Question

I have some some code which was written before I started here (sounds like a submission for The Daily WTF!) which loads an xml file for processing (the Throw line has been simplified to hide the identity of the culprit, otherwise its verbatim).

Try
    docData.Load(strPath)
Catch oError As Exception
    Throw New Exception("There is a load or parse error in the xml")
End Try

oFileInfo = New FileInfo(strPath)
strFileName = oFileInfo.FullName
oFileInfo = Nothing

strFileName is used once more in the method, passed to another method

strPath is used once more in the method, when deleting the file

From MSDN:

FullName: Gets the full path of the directory or file. (Inherited from FileSystemInfo.)

Surely then, that is simply returning what is already in strPath and can be replaced with a simple

strFileName = strPath

Or even do away with strFileName altogether and use strPath throughout.

Or am I missing something? Does FileInfo.FullName do anything else?

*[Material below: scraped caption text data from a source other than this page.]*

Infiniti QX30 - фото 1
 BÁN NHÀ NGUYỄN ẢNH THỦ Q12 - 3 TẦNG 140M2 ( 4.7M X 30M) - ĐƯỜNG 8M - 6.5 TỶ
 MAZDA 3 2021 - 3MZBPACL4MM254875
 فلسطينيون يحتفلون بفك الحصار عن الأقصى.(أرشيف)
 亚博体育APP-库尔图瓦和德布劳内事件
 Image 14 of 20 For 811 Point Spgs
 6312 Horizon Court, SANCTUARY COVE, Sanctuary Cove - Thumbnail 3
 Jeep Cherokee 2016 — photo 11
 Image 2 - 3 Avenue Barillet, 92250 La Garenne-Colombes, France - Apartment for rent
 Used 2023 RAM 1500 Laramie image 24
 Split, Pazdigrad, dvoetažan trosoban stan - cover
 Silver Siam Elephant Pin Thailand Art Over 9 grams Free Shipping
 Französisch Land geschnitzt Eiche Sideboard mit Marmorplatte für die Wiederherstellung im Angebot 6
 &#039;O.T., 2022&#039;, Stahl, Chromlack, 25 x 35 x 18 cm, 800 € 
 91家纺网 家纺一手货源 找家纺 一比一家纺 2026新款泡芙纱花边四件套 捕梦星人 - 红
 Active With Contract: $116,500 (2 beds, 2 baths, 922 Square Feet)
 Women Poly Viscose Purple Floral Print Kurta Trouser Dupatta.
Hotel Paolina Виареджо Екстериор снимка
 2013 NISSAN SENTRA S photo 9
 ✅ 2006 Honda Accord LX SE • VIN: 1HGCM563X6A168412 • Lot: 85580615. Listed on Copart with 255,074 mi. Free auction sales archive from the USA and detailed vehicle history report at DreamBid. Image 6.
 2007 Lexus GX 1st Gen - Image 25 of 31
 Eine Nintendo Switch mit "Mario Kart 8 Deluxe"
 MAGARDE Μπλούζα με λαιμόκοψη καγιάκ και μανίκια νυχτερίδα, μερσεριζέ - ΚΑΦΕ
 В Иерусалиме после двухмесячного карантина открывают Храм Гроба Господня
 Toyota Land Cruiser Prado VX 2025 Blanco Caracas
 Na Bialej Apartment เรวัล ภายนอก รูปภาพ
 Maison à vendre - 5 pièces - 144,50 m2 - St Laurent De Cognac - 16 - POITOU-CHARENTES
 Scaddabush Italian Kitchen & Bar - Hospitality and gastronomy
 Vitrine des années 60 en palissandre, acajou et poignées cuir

I did think it was a file exists check, but that has already been taken care of by the Try...Catch around the XmlDocument.Load and besides, File.Exists(strPath) would be much simpler.

Was it helpful?

Solution

FileInfo.FullName will return the full path even if the input strPath is a relative path.

OTHER TIPS

What @Joe is saying is that technically strPath could be a relative path. When you pass that into FileInfo and retrieve the FullName property it gets converted into an absolute path. Although you says that everything is UNC (and by that I'm assuming you also mean absolute paths) its possible that at one point this was called with relative paths. For instance this code will output c:\Users\...\bin\somefile.bin

    Dim F As New System.IO.FileInfo("..\somefile.bin")
    Trace.WriteLine(F.FullName)
    Me.Close()

If you know that you'll always be dealing with absolute paths you can probably get rid of that code now.